# Ammonia smell?



## Tulpa (Jan 18, 2013)

I was smoking the first english blend that I've acquired and I smelled the bowl while it was lit. It smelled (and burned my nose) like huffing cat urine. The smoke tasted great, though. Is it the tobacco? I don't think I've smelled a lit bowl before, so it might be normal?


----------



## YoungCurmudgeon (Jan 23, 2013)

Ammonia is a natural byproduct of fermenting or curing tobacco. If it bothers you, I would suggest letting the tobacco air out somewhat. In the cigar world a cigar that has an ammonia smell is generaly considered to be too young and needs some ageing in our humidors, but we have wood humidors which do breath through the wood grain.
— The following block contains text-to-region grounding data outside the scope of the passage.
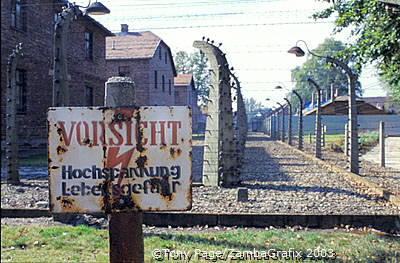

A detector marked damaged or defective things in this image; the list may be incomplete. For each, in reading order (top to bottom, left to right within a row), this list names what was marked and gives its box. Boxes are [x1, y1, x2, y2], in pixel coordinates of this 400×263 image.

rust stain on sign [48, 106, 192, 214]
rusty metal warning sign [48, 107, 192, 214]
peeling paint on sign [48, 107, 192, 214]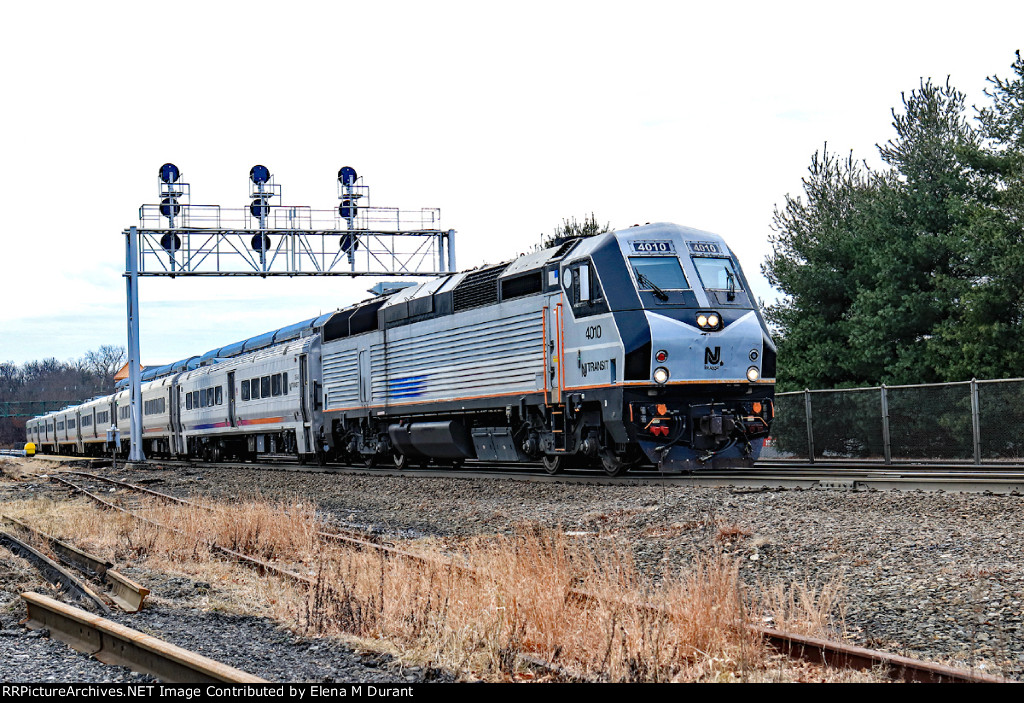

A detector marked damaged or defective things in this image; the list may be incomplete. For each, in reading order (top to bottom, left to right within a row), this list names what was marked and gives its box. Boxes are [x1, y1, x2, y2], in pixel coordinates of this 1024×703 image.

rusty rail [22, 589, 268, 683]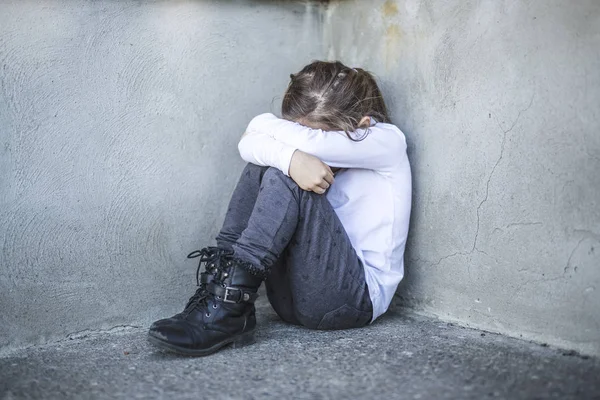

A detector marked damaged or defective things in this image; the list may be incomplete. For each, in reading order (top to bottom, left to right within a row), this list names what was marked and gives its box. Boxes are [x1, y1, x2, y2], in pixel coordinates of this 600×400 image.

cracked wall [0, 0, 326, 356]
cracked wall [324, 0, 600, 356]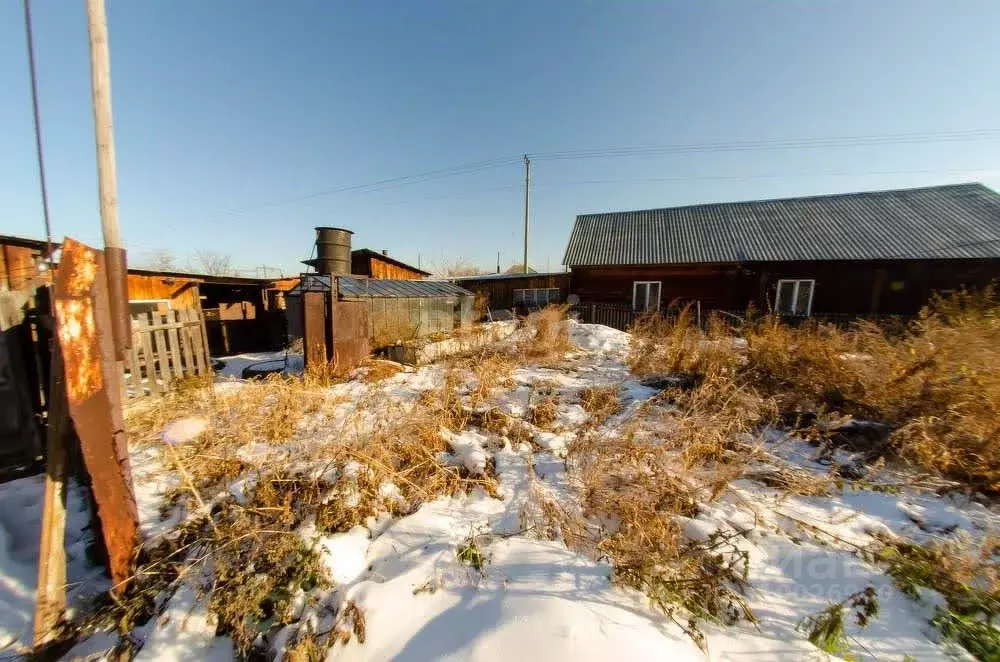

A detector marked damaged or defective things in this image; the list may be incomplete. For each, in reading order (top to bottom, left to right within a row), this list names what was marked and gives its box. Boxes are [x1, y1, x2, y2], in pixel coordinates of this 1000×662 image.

rusty metal post [52, 241, 139, 592]
rusty metal sheet [54, 241, 139, 592]
rusty metal sheet [300, 294, 328, 370]
rusty metal sheet [332, 302, 372, 374]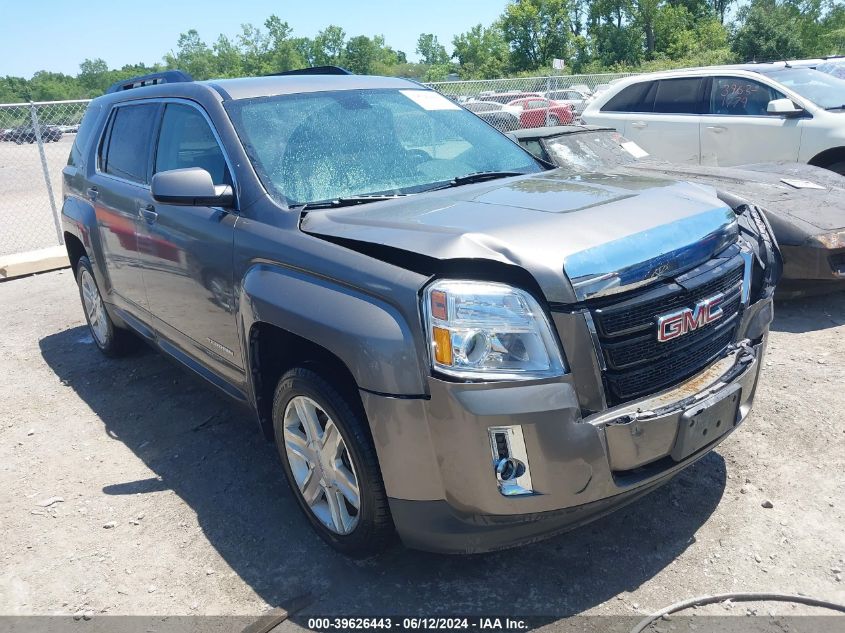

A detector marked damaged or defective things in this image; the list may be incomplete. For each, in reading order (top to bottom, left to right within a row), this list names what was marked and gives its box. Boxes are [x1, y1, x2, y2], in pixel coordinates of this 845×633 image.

crumpled hood [300, 170, 736, 304]
crumpled hood [628, 160, 840, 232]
If your Jarring you tobacco its sealed in a glass chamber with no place for the ammonia to escape so I'm not sure how that works. I do know having smoked some young cigars with an ammonia aroma still in them it can give ya a wicked headache, but your smoking way more tobacco with a cigar. Hope someone more experianced with pipe tobacco aging methods chimes in.


----------



## MarkC (Jul 4, 2009)

Unless, of course, you were smoking Mixture 79. If that was the case, then it was genuine cat urine.


----------



## Tulpa (Jan 18, 2013)

Eh, it was a bulk tobacco named "Sherlock's Choice".


----------



## SmoknTaz (Jun 18, 2008)

Try smoking a different blend and see if you still get the ammonia smell. Or... Are you breaking in a new pipe?



MarkC said:


> Unless, of course, you were smoking Mixture 79. If that was the case, then it was genuine cat urine.


LMAO, tried it once and thank god I didn't detect any used cat litter! :rotfl:


----------



## TonyBrooklyn (Jan 28, 2010)

I have Smelled Ammonia in fresh cigars many times never in pipe baccy very interesting.
I would think the processing heating etc related to the production of pipe tobacco would remove all ammonia.


----------



## freestoke (Feb 13, 2011)

SmoknTaz said:


> LMAO, tried it once and thank god I didn't detect any used cat litter! :rotfl:


The litter is ground up with the goat pen sweepings, so you don't see it.


----------



## Tulpa (Jan 18, 2013)

Hm, I smoked it inside and noticed that there was a fairly strong ammonia smell under the normal room note. I tried an aromatic from the same place (tinderbox) and noticed it again, but to a lesser extent.


----------